- WHAT THE EXERCISE ASKS -
Leaving out the pictures, return word for word the stretch of entries below from the line holding "100% Linen Sculpted" through the line holding "Casual Dresses Women".

━━━━━ DATA TO PROCESS ━━━━━

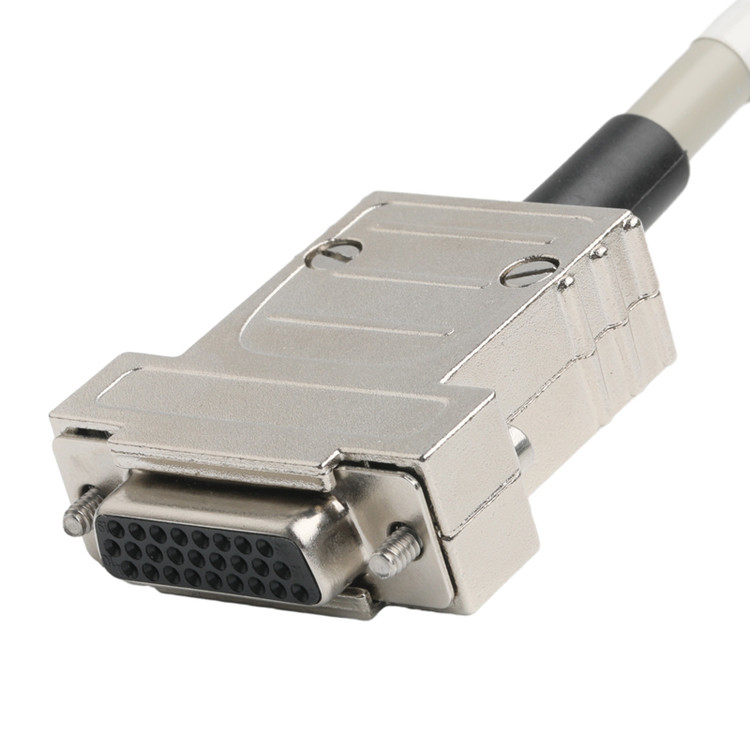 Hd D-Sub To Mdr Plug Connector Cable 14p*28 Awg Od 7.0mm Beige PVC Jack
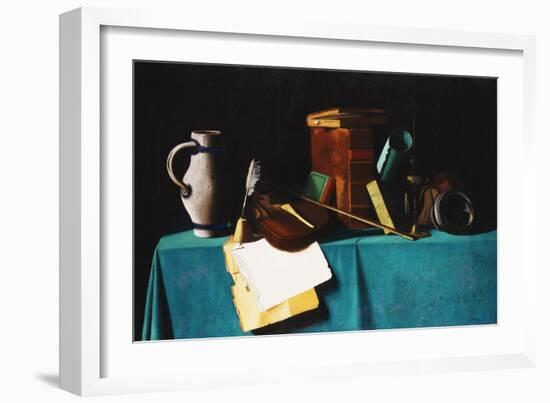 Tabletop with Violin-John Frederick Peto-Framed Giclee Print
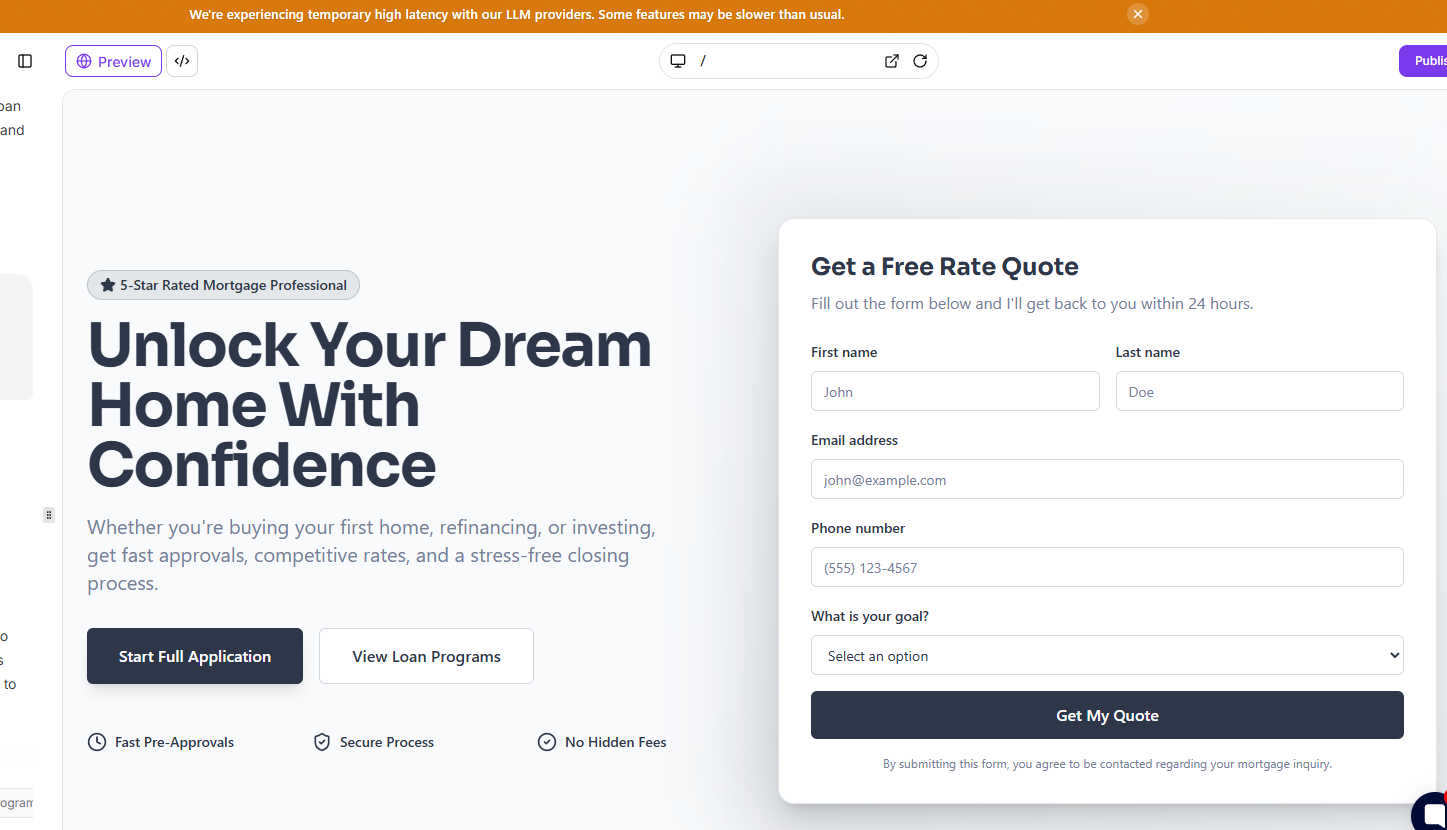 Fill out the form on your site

━━━━━
━━━━━ DATA TO PROCESS ━━━━━

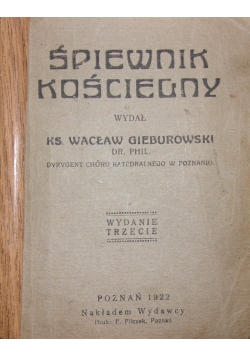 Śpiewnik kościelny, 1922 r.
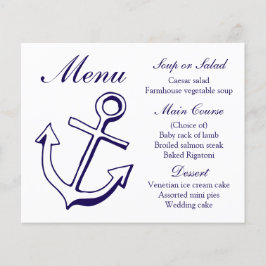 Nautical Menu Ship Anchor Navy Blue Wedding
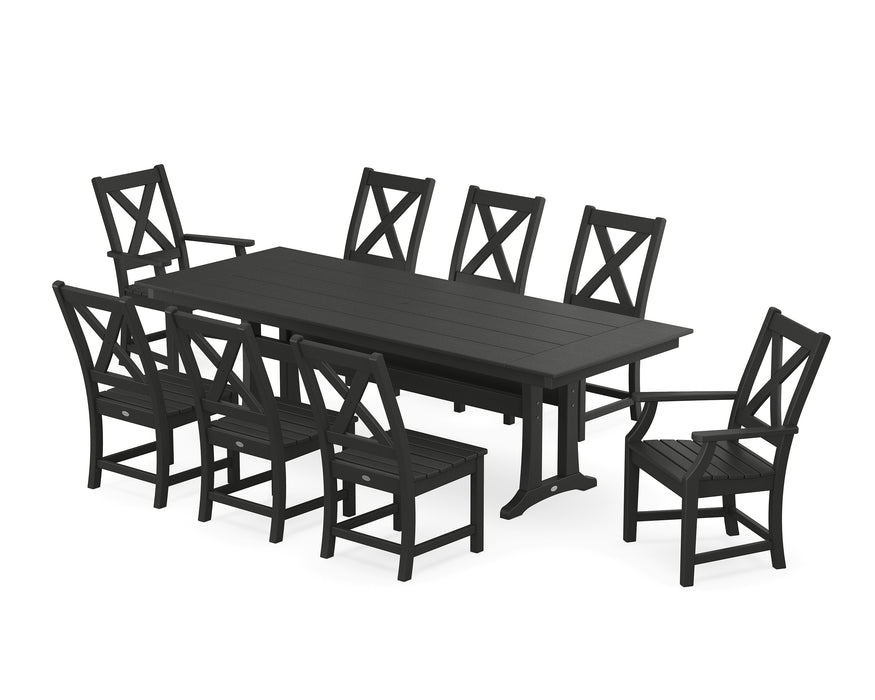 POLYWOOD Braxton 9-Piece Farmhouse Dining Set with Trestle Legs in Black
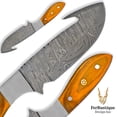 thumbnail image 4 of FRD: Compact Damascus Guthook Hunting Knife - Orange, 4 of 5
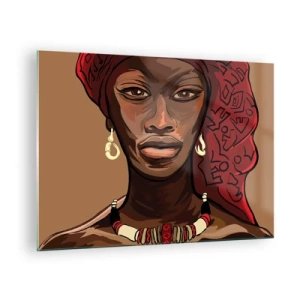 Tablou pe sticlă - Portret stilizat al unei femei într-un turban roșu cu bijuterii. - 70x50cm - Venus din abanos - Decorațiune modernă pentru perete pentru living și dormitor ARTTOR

━━━━━
━━━━━ DATA TO PROCESS ━━━━━

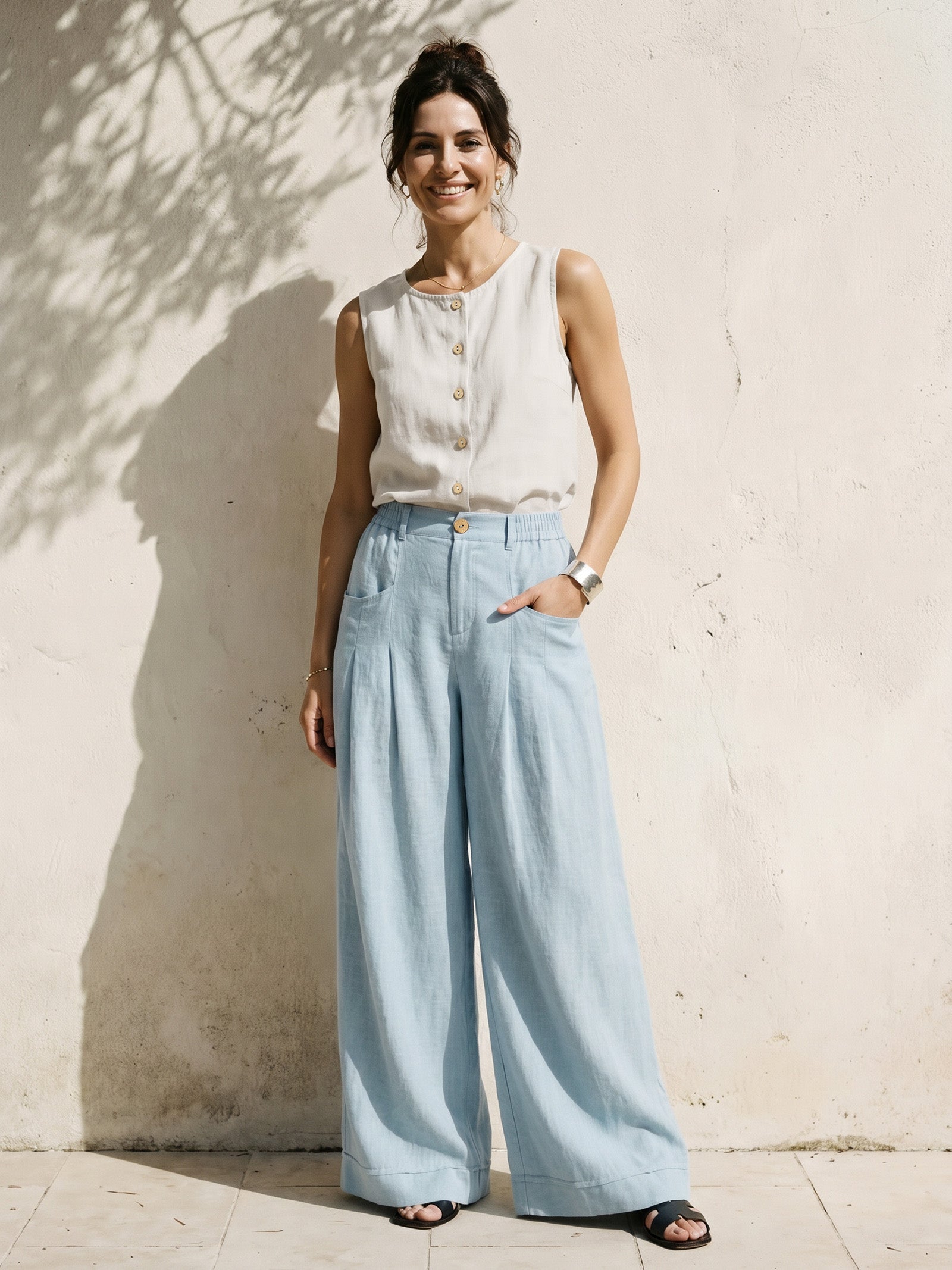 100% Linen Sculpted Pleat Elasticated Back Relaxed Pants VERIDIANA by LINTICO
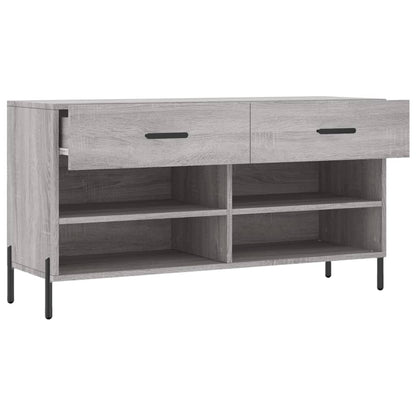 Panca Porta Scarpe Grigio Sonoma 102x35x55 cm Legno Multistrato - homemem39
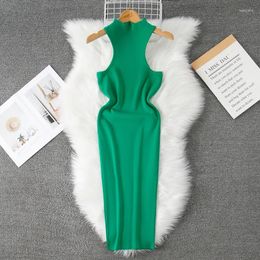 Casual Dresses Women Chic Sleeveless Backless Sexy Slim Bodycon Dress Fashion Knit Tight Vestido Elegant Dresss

━━━━━

- RESPONSE -
 100% Linen Sculpted Pleat Elasticated Back Relaxed Pants VERIDIANA by LINTICO
 Panca Porta Scarpe Grigio Sonoma 102x35x55 cm Legno Multistrato - homemem39
 Casual Dresses Women Chic Sleeveless Backless Sexy Slim Bodycon Dress Fashion Knit Tight Vestido Elegant Dresss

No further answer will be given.